WHAT THE TASK REQUIRES:
Wherever a line in the data holds the word "vidaXL", pull that line out.

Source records
Start of Block

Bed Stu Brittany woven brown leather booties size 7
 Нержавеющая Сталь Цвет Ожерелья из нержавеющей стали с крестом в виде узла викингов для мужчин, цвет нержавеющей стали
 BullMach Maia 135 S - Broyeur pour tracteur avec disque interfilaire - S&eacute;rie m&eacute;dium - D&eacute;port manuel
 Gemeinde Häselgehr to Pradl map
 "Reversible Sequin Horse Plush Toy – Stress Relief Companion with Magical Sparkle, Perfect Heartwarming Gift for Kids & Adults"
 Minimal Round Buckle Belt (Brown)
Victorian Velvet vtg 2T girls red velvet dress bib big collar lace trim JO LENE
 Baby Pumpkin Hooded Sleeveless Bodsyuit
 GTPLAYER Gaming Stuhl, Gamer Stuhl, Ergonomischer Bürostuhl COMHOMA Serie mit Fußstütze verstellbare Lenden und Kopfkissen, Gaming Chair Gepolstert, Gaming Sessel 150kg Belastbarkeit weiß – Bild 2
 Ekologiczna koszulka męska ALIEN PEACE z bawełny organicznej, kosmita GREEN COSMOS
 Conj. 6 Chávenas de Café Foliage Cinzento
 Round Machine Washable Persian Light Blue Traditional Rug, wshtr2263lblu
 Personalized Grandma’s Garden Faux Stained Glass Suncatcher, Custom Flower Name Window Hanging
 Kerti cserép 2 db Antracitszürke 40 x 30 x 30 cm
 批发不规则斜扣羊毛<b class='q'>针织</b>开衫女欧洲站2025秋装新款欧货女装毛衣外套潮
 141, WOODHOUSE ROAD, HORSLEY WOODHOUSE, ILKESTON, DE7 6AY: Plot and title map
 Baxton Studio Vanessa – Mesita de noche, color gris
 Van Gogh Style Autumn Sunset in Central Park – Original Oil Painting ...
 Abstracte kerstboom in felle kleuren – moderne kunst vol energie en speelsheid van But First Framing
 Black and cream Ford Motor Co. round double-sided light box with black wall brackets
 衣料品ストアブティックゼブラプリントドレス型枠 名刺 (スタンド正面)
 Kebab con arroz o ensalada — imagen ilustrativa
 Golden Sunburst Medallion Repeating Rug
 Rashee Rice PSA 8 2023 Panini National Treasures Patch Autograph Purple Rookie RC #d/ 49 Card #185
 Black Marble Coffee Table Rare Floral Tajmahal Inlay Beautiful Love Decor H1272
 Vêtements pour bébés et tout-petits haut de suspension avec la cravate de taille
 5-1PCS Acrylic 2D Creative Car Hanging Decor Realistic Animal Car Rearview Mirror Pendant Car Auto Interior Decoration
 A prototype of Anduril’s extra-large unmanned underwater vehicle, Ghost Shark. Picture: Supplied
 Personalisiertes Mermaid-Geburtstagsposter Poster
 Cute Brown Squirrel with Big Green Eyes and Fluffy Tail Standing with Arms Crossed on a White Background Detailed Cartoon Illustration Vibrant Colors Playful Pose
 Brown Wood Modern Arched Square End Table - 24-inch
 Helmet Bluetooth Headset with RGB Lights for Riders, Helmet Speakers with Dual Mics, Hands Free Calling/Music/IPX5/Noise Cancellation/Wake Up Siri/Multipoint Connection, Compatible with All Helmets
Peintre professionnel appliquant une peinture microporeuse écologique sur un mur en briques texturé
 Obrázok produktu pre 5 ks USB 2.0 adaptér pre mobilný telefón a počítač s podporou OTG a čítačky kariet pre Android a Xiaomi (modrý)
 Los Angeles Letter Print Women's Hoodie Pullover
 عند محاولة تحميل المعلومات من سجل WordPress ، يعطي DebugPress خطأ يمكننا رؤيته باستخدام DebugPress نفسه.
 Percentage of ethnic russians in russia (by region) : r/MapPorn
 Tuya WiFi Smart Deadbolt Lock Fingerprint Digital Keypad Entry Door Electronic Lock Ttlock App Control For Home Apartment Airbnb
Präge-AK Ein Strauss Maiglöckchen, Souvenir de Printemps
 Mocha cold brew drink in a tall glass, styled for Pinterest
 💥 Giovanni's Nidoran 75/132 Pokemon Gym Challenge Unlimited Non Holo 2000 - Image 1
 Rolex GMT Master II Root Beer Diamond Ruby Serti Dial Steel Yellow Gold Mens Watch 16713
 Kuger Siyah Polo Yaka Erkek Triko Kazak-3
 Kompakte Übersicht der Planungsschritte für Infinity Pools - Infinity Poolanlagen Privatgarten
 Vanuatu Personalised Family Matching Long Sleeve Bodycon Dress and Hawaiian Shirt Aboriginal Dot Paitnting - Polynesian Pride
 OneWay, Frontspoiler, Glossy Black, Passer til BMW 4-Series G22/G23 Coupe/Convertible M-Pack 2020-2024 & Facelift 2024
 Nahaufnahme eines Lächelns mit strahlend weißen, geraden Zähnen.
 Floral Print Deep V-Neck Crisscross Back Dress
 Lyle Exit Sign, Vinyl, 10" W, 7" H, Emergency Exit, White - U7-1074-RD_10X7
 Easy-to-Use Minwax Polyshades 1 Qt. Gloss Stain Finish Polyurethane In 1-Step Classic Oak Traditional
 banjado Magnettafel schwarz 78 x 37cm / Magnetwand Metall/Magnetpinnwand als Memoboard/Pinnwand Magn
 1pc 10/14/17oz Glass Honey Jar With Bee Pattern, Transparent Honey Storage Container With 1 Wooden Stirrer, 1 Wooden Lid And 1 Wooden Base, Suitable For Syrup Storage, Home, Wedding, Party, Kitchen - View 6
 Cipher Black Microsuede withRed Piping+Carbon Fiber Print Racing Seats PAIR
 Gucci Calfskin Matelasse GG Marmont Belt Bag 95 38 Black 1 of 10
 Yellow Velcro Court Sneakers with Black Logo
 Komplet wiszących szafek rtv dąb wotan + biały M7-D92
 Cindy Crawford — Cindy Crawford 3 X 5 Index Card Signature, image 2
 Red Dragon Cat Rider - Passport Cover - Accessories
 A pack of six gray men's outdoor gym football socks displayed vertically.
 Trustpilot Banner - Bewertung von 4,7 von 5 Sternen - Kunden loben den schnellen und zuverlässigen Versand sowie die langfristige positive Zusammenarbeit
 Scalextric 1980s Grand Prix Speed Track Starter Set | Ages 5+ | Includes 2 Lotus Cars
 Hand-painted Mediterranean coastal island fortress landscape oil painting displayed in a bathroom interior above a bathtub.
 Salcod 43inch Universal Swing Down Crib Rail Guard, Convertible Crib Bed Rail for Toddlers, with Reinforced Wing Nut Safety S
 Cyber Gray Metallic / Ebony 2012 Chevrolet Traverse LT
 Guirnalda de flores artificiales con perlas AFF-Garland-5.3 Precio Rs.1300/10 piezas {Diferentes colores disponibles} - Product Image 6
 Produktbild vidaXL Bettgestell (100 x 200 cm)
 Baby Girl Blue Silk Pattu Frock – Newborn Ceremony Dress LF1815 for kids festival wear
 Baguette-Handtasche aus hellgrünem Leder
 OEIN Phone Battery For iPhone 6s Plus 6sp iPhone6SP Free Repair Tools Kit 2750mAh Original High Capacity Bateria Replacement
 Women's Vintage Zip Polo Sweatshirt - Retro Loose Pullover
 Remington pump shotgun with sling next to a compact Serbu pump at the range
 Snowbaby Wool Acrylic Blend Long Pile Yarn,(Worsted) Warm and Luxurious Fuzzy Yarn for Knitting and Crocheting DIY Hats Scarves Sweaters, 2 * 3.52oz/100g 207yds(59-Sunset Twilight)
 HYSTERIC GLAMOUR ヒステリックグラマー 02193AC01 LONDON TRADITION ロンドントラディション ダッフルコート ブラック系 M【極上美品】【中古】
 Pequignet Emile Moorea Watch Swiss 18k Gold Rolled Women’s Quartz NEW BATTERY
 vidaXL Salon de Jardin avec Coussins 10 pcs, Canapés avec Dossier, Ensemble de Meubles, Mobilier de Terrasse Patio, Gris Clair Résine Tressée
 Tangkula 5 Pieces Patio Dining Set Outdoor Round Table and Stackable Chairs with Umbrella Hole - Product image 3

End of Block

SOLUTION TO THIS TASK:
 Produktbild vidaXL Bettgestell (100 x 200 cm)
 vidaXL Salon de Jardin avec Coussins 10 pcs, Canapés avec Dossier, Ensemble de Meubles, Mobilier de Terrasse Patio, Gris Clair Résine Tressée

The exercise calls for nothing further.